TuxDave
Lifer
- Oct 8, 2002
- 10,571
- 3
- 71
Originally posted by: OS
Originally posted by: XZeroII
Originally posted by: shazbot
heres a simple question, why do you value and trust "gold"? if you can answer that, then you've answered the question on trust.
I can tell you why I value and trust it more than nothing. It is rare, it has substance, it can't be counterfit, it is more difficult to lie about.
Gold does have fixed scarcity, but lets say the apocalypse comes (which is more or less what it would take to destroy the US gov), how exactly will having gold, or any other non basic necessity, be useful to you?
If you go to ANY other kind of nonbarter system, you have the same problem where the "money" doesn't have any worth outside the context of the society.
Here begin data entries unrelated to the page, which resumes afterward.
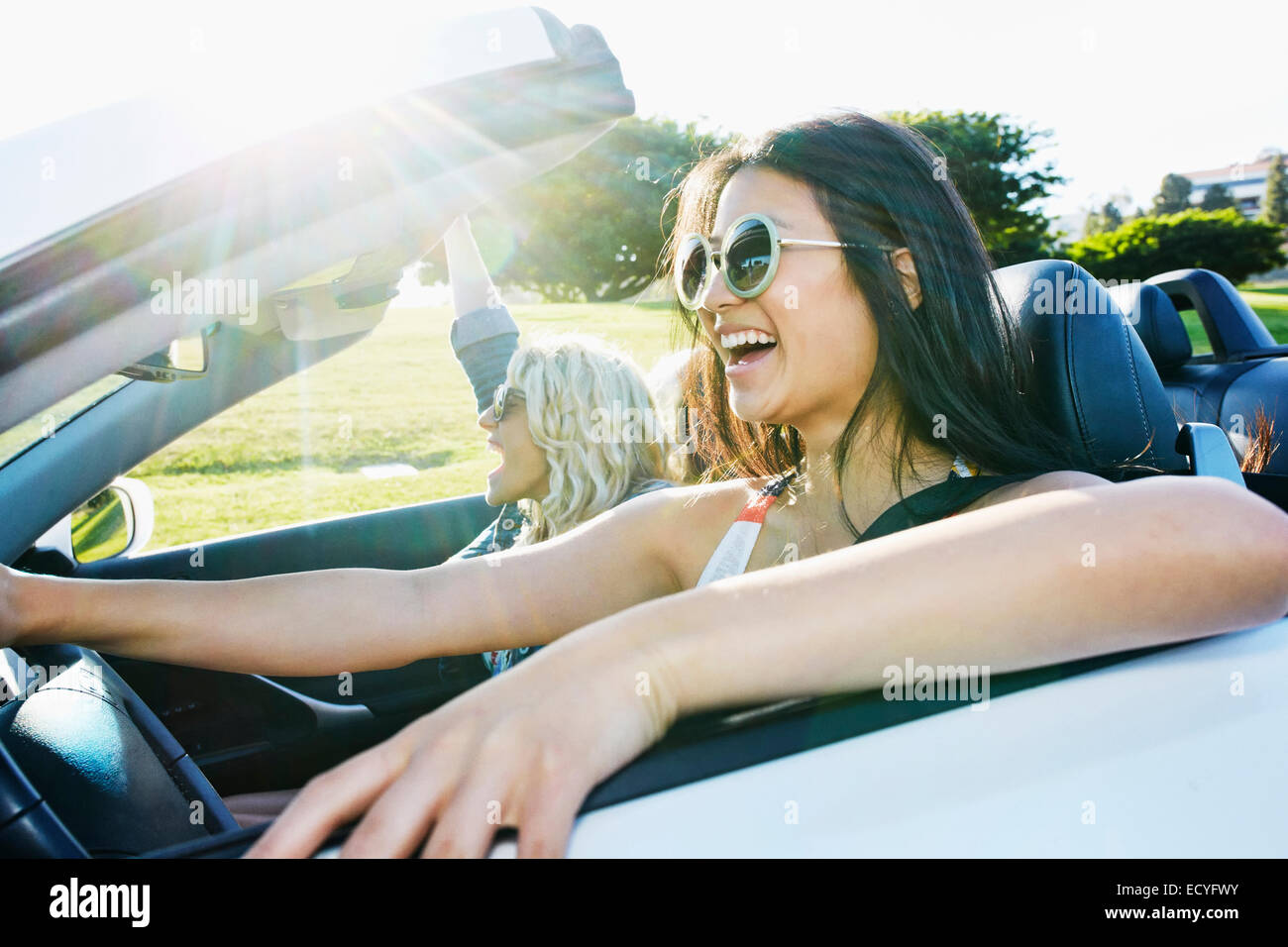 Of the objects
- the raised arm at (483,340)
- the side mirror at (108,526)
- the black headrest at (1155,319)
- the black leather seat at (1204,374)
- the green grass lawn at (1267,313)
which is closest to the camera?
the side mirror at (108,526)

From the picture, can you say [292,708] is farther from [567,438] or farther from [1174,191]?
[1174,191]

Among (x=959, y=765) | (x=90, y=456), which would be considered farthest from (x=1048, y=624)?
(x=90, y=456)

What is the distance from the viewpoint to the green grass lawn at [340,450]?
6.77m

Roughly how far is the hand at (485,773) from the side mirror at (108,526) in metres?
1.89

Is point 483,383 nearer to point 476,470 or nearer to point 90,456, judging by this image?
point 90,456

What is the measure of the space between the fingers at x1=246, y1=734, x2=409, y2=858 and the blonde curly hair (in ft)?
6.44

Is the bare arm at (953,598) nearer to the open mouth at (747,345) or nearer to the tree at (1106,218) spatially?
the open mouth at (747,345)

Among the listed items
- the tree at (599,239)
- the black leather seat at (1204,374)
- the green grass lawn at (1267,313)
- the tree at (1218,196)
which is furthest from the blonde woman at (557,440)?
the tree at (1218,196)

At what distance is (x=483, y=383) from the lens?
11.1 feet

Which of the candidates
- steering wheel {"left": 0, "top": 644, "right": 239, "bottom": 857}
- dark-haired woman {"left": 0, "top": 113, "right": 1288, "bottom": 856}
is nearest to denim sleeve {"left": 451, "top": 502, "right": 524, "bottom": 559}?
dark-haired woman {"left": 0, "top": 113, "right": 1288, "bottom": 856}

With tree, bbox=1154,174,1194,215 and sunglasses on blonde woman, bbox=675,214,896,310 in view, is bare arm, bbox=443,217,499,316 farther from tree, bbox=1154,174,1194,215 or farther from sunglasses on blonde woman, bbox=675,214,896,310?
tree, bbox=1154,174,1194,215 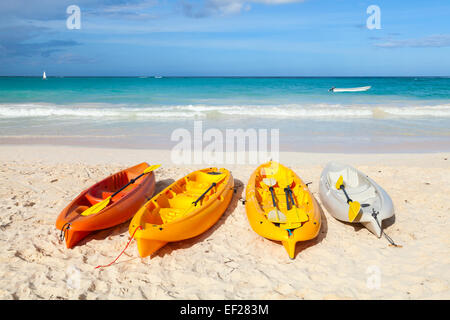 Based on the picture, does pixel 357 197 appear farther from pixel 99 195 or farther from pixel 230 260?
pixel 99 195

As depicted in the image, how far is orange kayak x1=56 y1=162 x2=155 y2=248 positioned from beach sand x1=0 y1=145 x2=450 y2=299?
0.26 metres

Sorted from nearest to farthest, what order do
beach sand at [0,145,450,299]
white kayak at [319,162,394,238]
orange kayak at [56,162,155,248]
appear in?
1. beach sand at [0,145,450,299]
2. orange kayak at [56,162,155,248]
3. white kayak at [319,162,394,238]

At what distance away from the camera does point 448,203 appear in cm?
629

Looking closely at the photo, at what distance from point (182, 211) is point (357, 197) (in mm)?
Result: 3305

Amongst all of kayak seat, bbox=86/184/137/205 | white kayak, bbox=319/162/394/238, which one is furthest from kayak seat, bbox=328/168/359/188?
kayak seat, bbox=86/184/137/205

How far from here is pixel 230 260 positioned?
466 centimetres

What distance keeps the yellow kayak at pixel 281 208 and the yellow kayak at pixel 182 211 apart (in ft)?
2.03

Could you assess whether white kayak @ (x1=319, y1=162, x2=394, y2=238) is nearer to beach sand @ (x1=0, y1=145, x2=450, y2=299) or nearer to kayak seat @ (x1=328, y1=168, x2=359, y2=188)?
kayak seat @ (x1=328, y1=168, x2=359, y2=188)

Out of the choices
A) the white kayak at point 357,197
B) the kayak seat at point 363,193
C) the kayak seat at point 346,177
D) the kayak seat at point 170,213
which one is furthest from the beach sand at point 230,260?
the kayak seat at point 346,177

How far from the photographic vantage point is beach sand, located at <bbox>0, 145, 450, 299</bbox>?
3.98 metres

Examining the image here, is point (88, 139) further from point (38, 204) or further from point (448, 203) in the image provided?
point (448, 203) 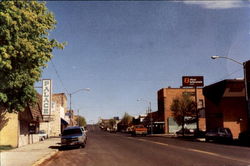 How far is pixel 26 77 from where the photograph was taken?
16469 mm

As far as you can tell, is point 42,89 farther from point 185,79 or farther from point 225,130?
point 185,79

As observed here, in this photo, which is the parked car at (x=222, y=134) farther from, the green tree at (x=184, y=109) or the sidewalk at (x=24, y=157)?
the sidewalk at (x=24, y=157)

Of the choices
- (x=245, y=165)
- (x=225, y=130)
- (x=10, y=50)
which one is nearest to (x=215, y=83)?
(x=225, y=130)

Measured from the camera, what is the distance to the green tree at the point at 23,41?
12.4m

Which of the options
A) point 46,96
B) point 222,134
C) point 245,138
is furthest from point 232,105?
point 46,96

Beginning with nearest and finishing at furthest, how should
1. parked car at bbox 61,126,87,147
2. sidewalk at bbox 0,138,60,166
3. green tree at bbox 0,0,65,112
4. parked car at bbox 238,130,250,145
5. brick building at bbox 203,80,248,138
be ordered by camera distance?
1. green tree at bbox 0,0,65,112
2. sidewalk at bbox 0,138,60,166
3. parked car at bbox 61,126,87,147
4. parked car at bbox 238,130,250,145
5. brick building at bbox 203,80,248,138

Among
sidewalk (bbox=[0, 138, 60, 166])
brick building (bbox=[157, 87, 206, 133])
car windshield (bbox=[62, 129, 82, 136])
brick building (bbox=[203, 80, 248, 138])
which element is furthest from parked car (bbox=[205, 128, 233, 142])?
brick building (bbox=[157, 87, 206, 133])

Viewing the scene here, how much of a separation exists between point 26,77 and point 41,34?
2.73 meters

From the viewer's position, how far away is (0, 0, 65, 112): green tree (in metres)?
12.4

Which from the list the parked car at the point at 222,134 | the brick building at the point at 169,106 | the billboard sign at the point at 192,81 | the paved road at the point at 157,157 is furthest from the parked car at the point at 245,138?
the brick building at the point at 169,106

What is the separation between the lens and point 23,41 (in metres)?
13.1

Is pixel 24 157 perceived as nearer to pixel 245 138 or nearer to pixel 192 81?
pixel 245 138

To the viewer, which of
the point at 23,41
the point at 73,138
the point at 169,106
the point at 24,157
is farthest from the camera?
the point at 169,106

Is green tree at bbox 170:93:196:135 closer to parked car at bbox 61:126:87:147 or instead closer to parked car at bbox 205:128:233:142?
parked car at bbox 205:128:233:142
Society as we know it is based on the respect of property ownership, which requires a strong government, which is what our money is based on, faith in the strength of our government. In a complete anarchy, it would be a free for all, not even gold would have consistent value.
Exactly. So as you were saying XZeroII, gold has value in our society. We all believe it will hold a decent amount of value and purchasing power. But if gold turned out to be something that no one wanted (for whatever reason), people would end up exchanging as much gold as they can to something else that holds value making gold useless as a currency.